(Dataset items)
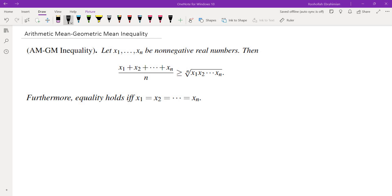Hello, in this video we're going to go over the proof of the arithmetic mean geometric mean inequality. First of all, what does the arithmetic mean geometric mean inequality state, and then how do we prove that?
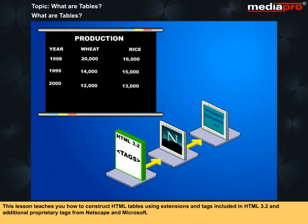This lesson teaches you how to construct HTML tables using extensions and tags included in HTML 3.2 and additional proprietary tags from Netscape and Microsoft.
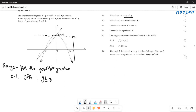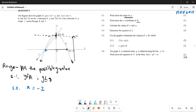For 5.2, they ask for the x-coordinate of R. Notice that the graph is evenly distributed on both sides because the turning point is also the y-intercept. The distance from T to S equals the distance from T to R. Since S is at x = 2, the x-coordinate of R is negative two.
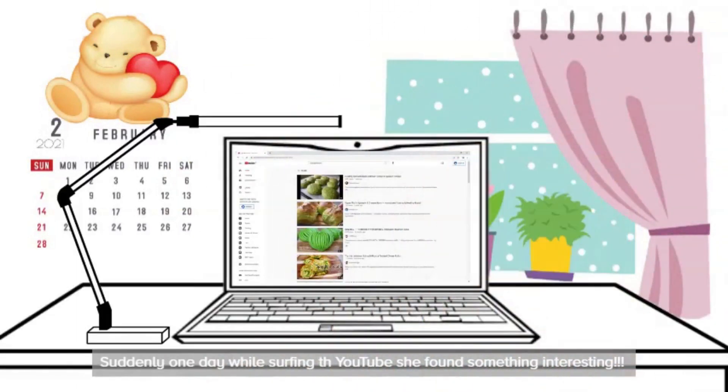Suddenly one day while surfing YouTube she found something interesting — she found out the filter button.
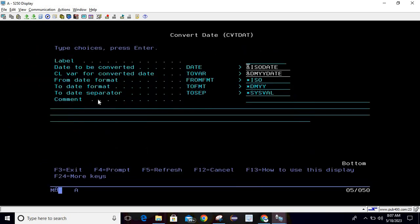Here you can see that date to be converted is ISO date, CL variable for converted date is DMYY date, from date is ISO format and to date is DMYY format. To date separator is SYSVAL. You can select any separator from the list, but for now we are going with the default value.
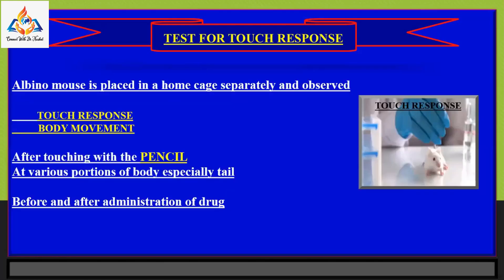In the touch response test, an albino mouse is placed in a home cage separately and the touch response and body movements are observed after touching the animal with a pencil at various positions of the body, especially the tail. This is done before and after administration of drug, and the touch response is noted and both results are compared.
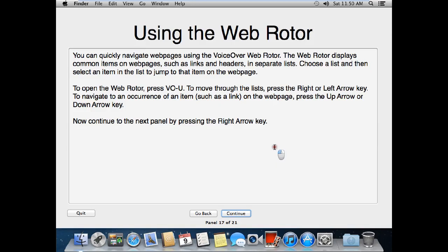Using the web rotor. You can quickly navigate web pages using the VoiceOver web rotor. The web rotor displays common items on web pages, such as links and headers, in separate lists. Choose a list and then select an item in the list to jump to that item on the web page. To open the web rotor, press VO-U. To move through the list, press the Right or Left Arrow key. To navigate to an occurrence of an item such as a link on the web page, press the Up Arrow or Down Arrow key.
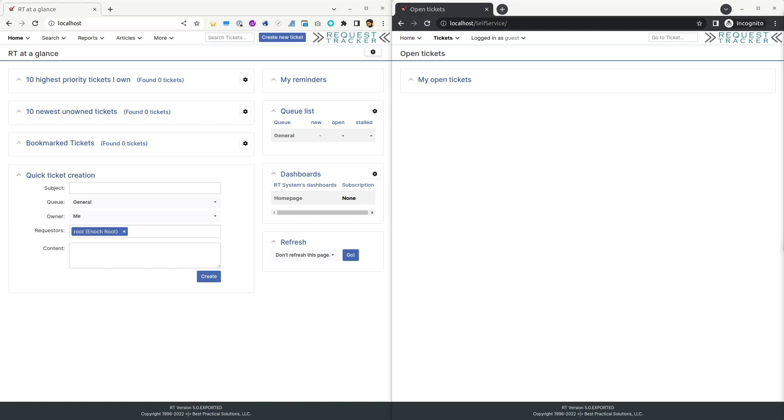Sentiment analysis is one application of OpenAI tools to examine some provided text and determine if the tone of the sample is positive or negative. Since many uses of RT, like helpdesk and customer service, involve working with customers, it can be helpful to know if they are having a hard time.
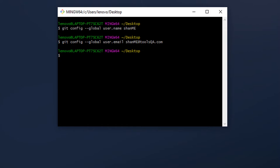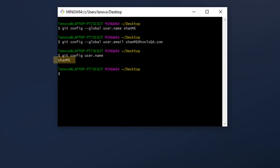Now to check if these settings have been saved, we just use the command git config followed by user.name or user.email. As you can see, the user name that I typed in has been saved.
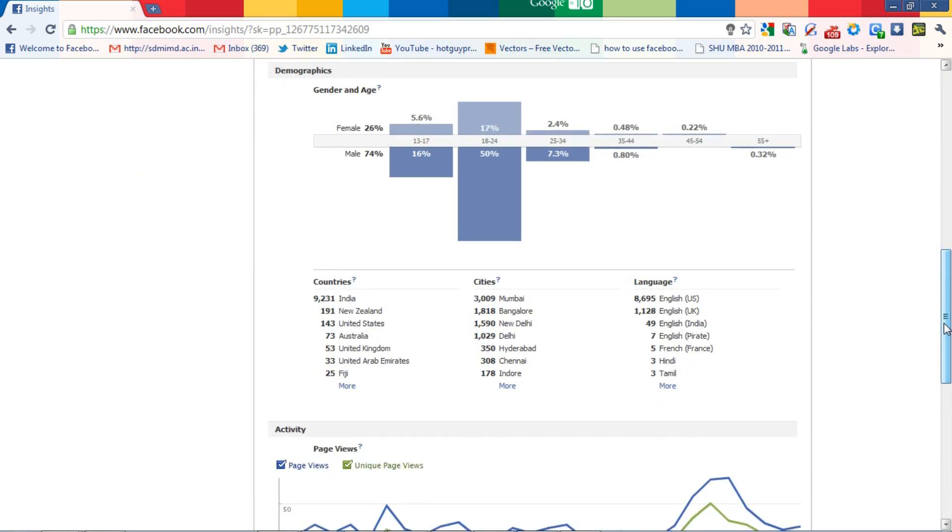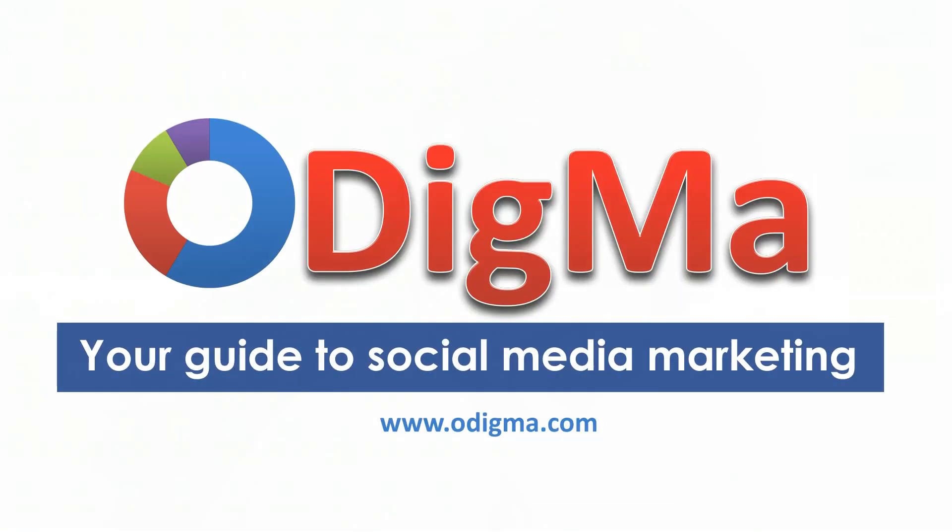Here you can understand the gender, the age, country or the city of your fan base. So now it's easier for you to create appropriate marketing strategies and cater to their needs.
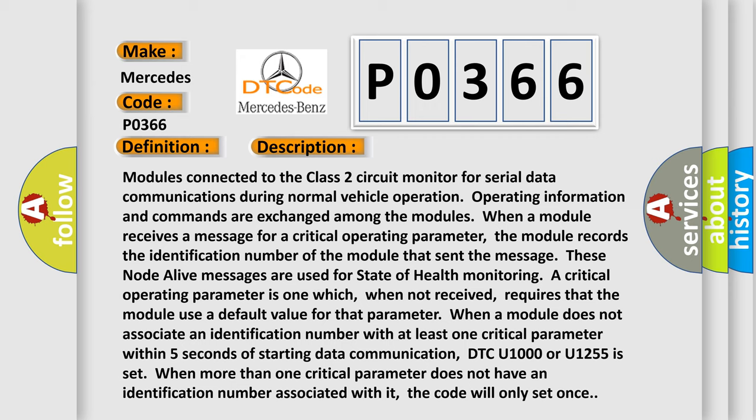When more than one critical parameter does not have an identification number associated with it, the code will only set once.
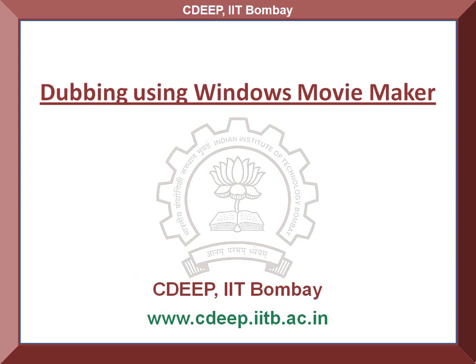Hello friends, on behalf of C-Deep IIT Bombay, I welcome you to this spoken tutorial.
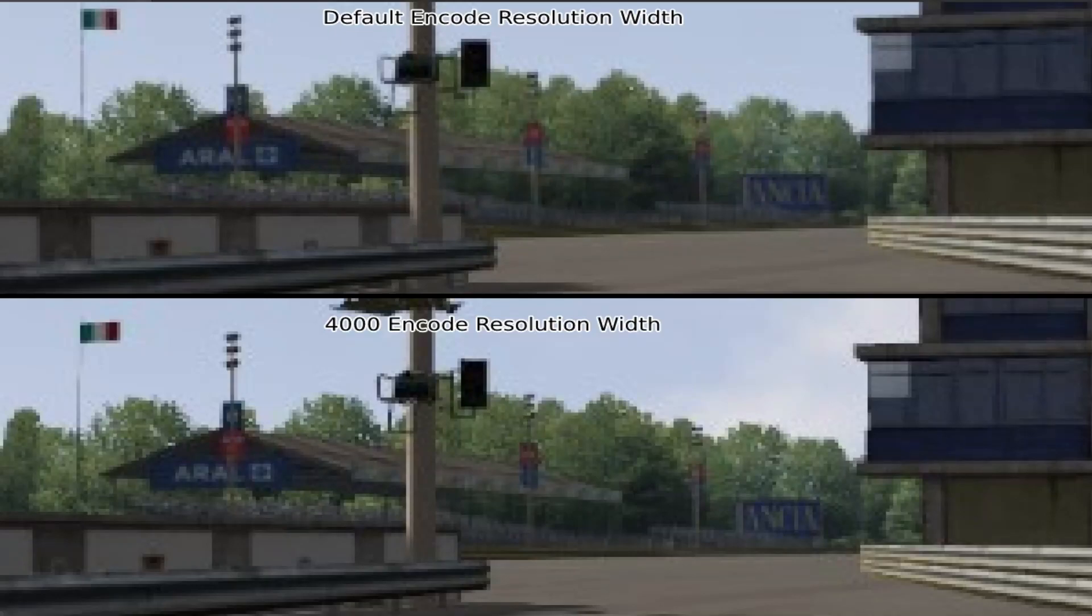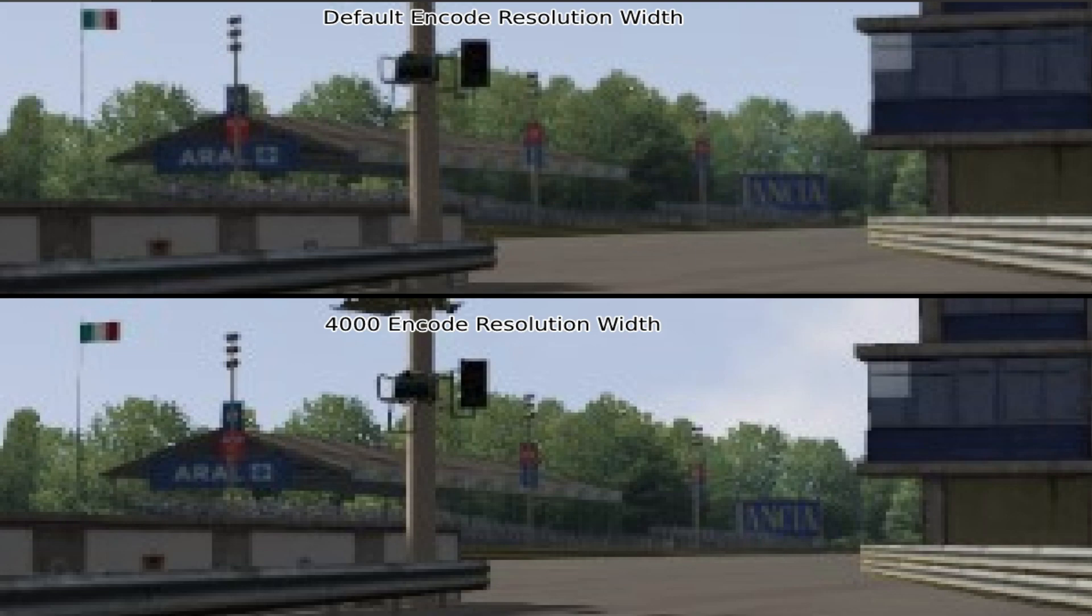Hello everyone! In this video I will show what is encode resolution width and how you can change it. Let's go!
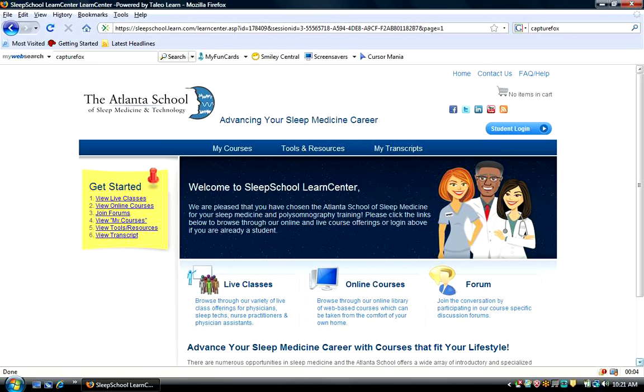Hi, this is Dr. Russell Rosenberg. Welcome to this tutorial on WebPSG.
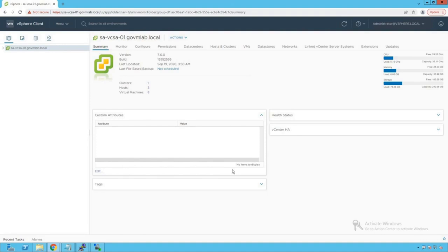In a vSphere environment, NetFlow becomes really important whenever we want to have complete visibility of our network traffic between virtual machines. So now let's get started with our NetFlow configuration.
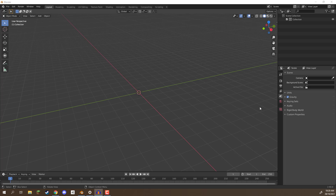Hey everyone, in this lesson we are going to be going over proportional editing inside of Blender.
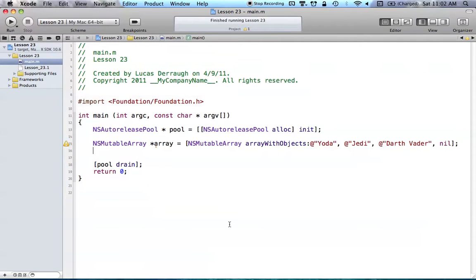Now we want to create a selector to see if we can call some method on this array. This example is really just to show you how we can create a selector and some different things that we can do to check if objects can use those selectors.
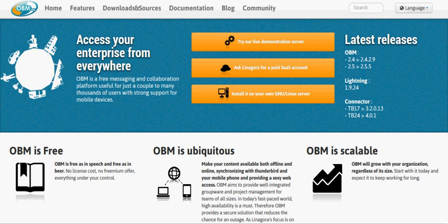OBM is installable on any supported platform for the server side, which are actually Linux only. They support Debian and CentOS. For the client side, you can access OBM using a nice web interface or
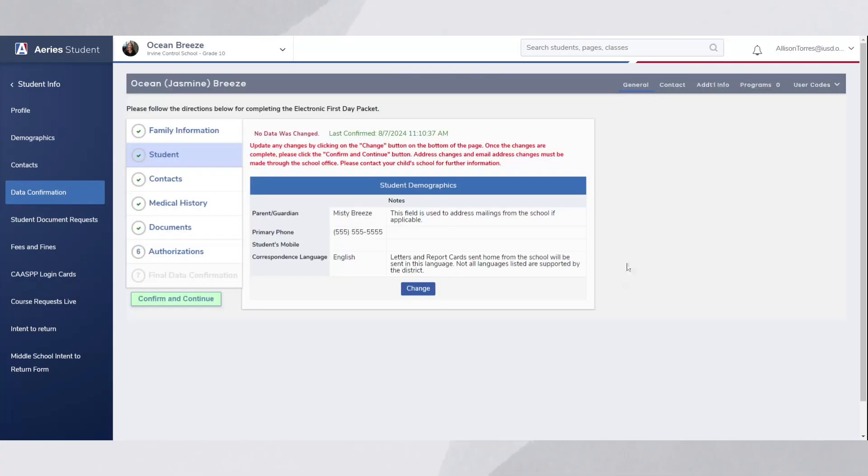Next, navigate to the Student tab where you'll find the correspondence language information.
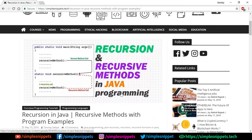What's up guys, Tanbaya for Simple Snippets and welcome back to a new video tutorial on Java programming. Today's topic is going to be on recursion in Java — what are recursive methods — and we'll also see a program example. We'll cover both theory as well as programming.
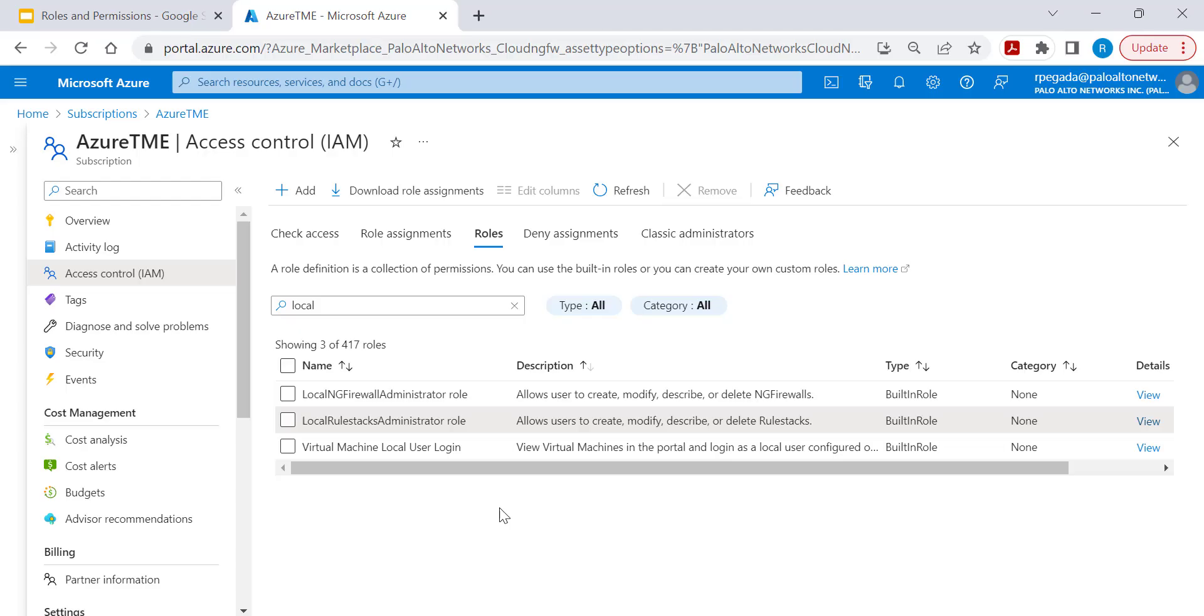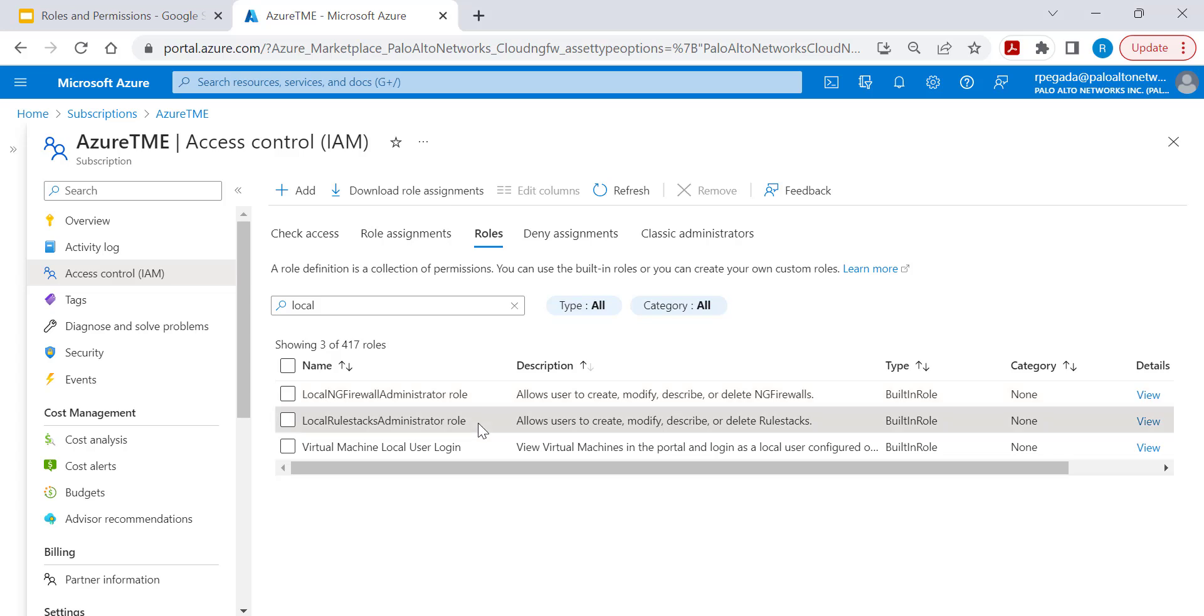You can now assign a user with Azure built-in roles, local ng firewall administrator and local rule stack administrator, that will help create and modify Cloud NGFW and local rule stack respectively. I have both these roles assigned within my subscription.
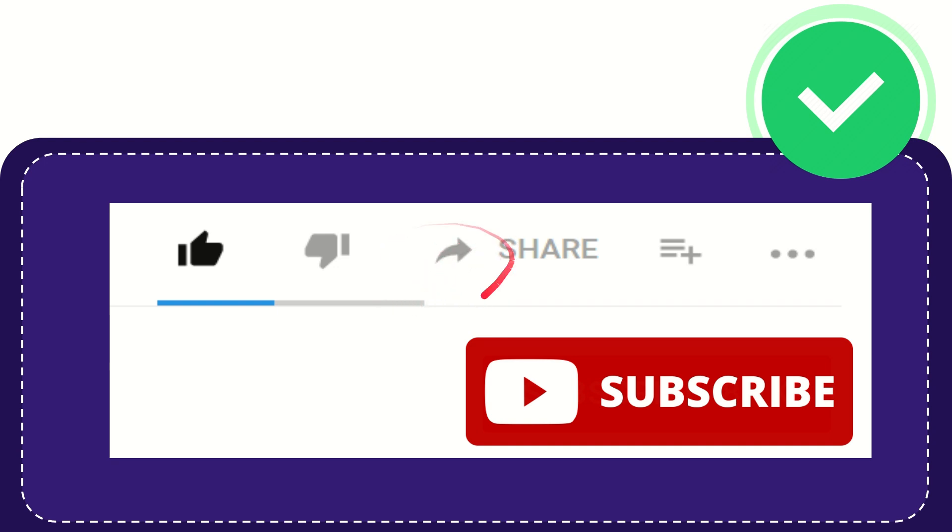If you find this video very useful, you can help this channel grow by subscribing. Click this subscribe button.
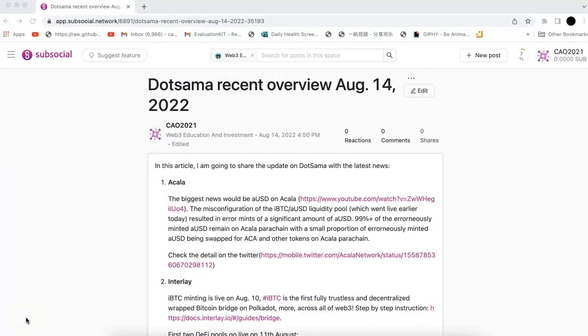Hello everyone, welcome to the Webster Education Investment. Today in this video, I'm going to give an overview and summarize all the important updates in the Dotsama ecosystem.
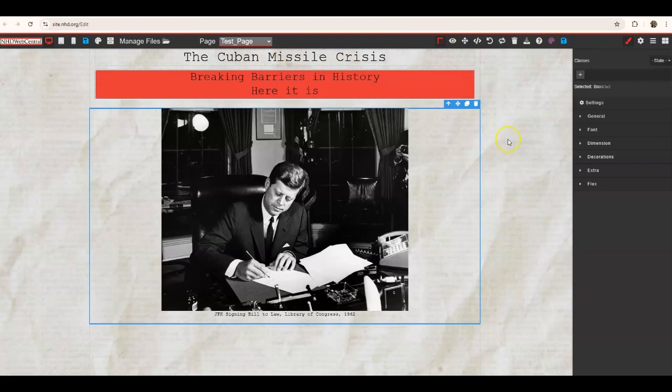That's a quick walkthrough of all the more advanced settings: General, Font, Dimension, Decorations, Extra, and Flex. It's up to your site how these will best play out, so definitely play around and see what works best for your site and the elements you have on your page. I encourage you to explore these to see what cool things you can come up with. See you next time!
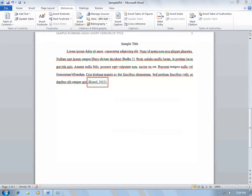This will insert the in-text reference wherever your cursor was. The citation will be formatted correctly in APA Style.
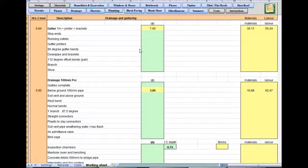Hello again and welcome to Builders mate estimating software tutorial video 8. This is the drainage and guttering sheet.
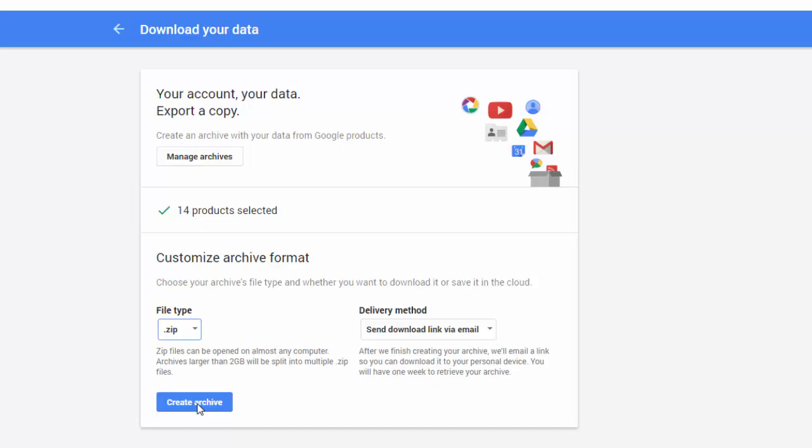Depending on the number of files, if you have not cleaned out your Gmail beforehand, your Drive files, this process could take a couple of hours up to probably about a day before it sends you the link for your download.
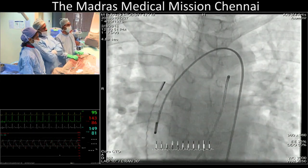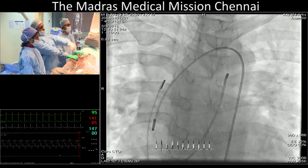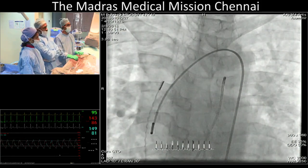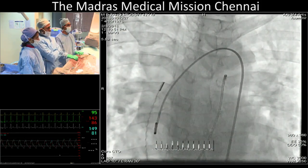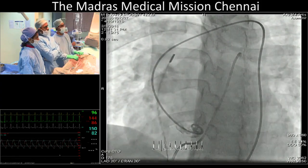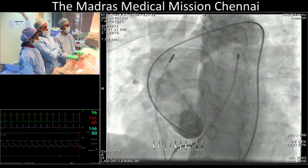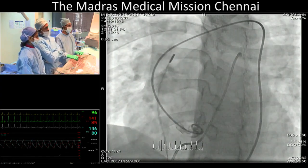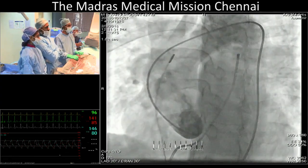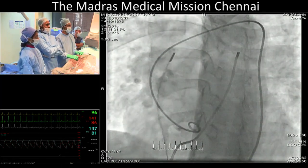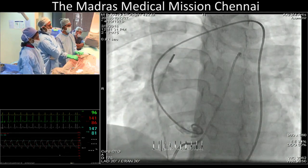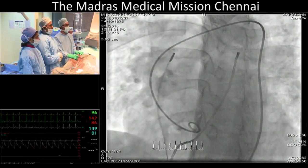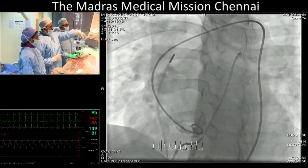We tried to get some angiography; however, with the large aorta, all the contrast gets washed away. If we change the angulation to a marginal LAO, we are able to appreciate the pulmonary artery filling, but it is not a good picture. So we are going to be entirely doing it on intracardiac echo.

→ WORK INSTRUCTIONS
Going by the data above, the answer is exactly the lines from the one holding "In a vSphere" to the one holding "Hey everyone, in", both kept, with the pictures left out.

→ RESPONSE FOR THIS EXERCISE
In a vSphere environment, NetFlow becomes really important whenever we want to have complete visibility of our network traffic between virtual machines. So now let's get started with our NetFlow configuration.
Hey everyone, in this lesson we are going to be going over proportional editing inside of Blender.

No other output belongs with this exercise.